A great way to expend energy on rainy afternoons is to play a game of fetch with your puppy. Many Bostons enjoy this game for hours. You can also enroll your young Boston in competitive sports like agility, tracking, or fly-ball. Agility training will teach your pet to fly through obstacle courses and even compete against other dogs to jump over hurdles and catch balls.
Training a Boston Terrier
Many training practices exist in canine training today. Positive reinforcement works best and it is based on treating, praising, and rewarding your dog for good behavior. For example, when you are teaching the ‘Sit’ command, you immediately reward your pet when he sits. Use the same word each time during training so that your pet understands what you are teaching. Keep training sessions short and end each session with plenty of playtime, hugs, and praise. This way; your Boston will look forward to these sessions.
The first thing you must do when you bring your puppy home is house-train him. Teach him where it is okay to void. You can use newspapers if you have a small apartment or are unable to take him outside frequently. Train your puppy to ‘go’ on newspapers. Replace soiled newspapers immediately with clean ones but leave a bit of the soiled paper so that your pet can use it as a reference the next time he wants to go.
Next, teach your pet to sleep in a crate. A crate provides a secure den-like atmosphere and also ensures that your dog does not get used to sleeping in your room or on your bed. Start crate training from day one.
Grooming your Boston
Being short-haired and single-coated, Boston terriers do not need the extensive grooming that some breeds demand. However, regular washing, brushing, nail trimming, and ear-cleaning can benefit your pet greatly. Routine maintenance will keep your pet’s coat in good condition. Daily, weekly, and monthly grooming will also reduce stray hairs and minimize shedding. Brushing your Boston’s coat will help stimulate natural oils in his skin, making it healthier and shinier and will also keep it free from ticks and fleas. Besides that, regular grooming also provides you an opportunity to inspect your pet’s coat for cuts, bumps, nicks, and other problems. Get your puppy used to grooming from an early age so that he looks forward to the sessions as a means of bonding with you. Trim your pet’s nails regularly, especially if you do not walk him on tarred surfaces. Also, inspect his ears from time to time.

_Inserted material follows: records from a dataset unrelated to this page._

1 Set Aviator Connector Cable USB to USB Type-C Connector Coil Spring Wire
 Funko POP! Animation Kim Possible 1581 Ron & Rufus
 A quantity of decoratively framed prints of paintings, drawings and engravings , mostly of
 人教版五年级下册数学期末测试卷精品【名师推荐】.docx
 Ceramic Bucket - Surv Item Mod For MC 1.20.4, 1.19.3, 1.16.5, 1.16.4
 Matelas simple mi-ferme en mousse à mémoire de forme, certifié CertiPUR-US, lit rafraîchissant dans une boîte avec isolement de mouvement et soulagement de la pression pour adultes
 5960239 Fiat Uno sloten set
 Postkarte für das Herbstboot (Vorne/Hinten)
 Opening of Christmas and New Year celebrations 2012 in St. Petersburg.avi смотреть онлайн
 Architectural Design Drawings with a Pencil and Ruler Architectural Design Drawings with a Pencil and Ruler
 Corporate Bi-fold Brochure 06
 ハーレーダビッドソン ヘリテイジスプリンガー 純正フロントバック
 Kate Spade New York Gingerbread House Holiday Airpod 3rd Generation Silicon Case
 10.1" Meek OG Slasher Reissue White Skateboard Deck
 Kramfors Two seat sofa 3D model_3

Bostons have bulging eyes which makes them susceptible to eye issues like cherry eye, glaucoma, and cataracts more than the other breeds. Their prominent eyes are also prone to injuries and irritations. Bostons are brachycephalic dogs which could make them susceptible to breathing problems and excess snoring. Some dogs may even need corrective surgery. Vets recommend low-dose steroids for treating these issues but these drugs tend to have side effects. Speak to a holistic vet to help you out. The average life span of a Boston terrier is between 12-15 years.
Where to find a Boston Terrier
Once you have decided to add a Boston terrier puppy in your life, you must seek a good puppy source. Find a reliable Boston terrier breeder through the website of the Boston Terrier Club of America. You can also search animal shelters nearby and adopt a rescue. Being a popular breed, the average price of a Boston terrier is between $1000 to $4000 depending on the breeder, the dog’s coat color, and also its pedigree.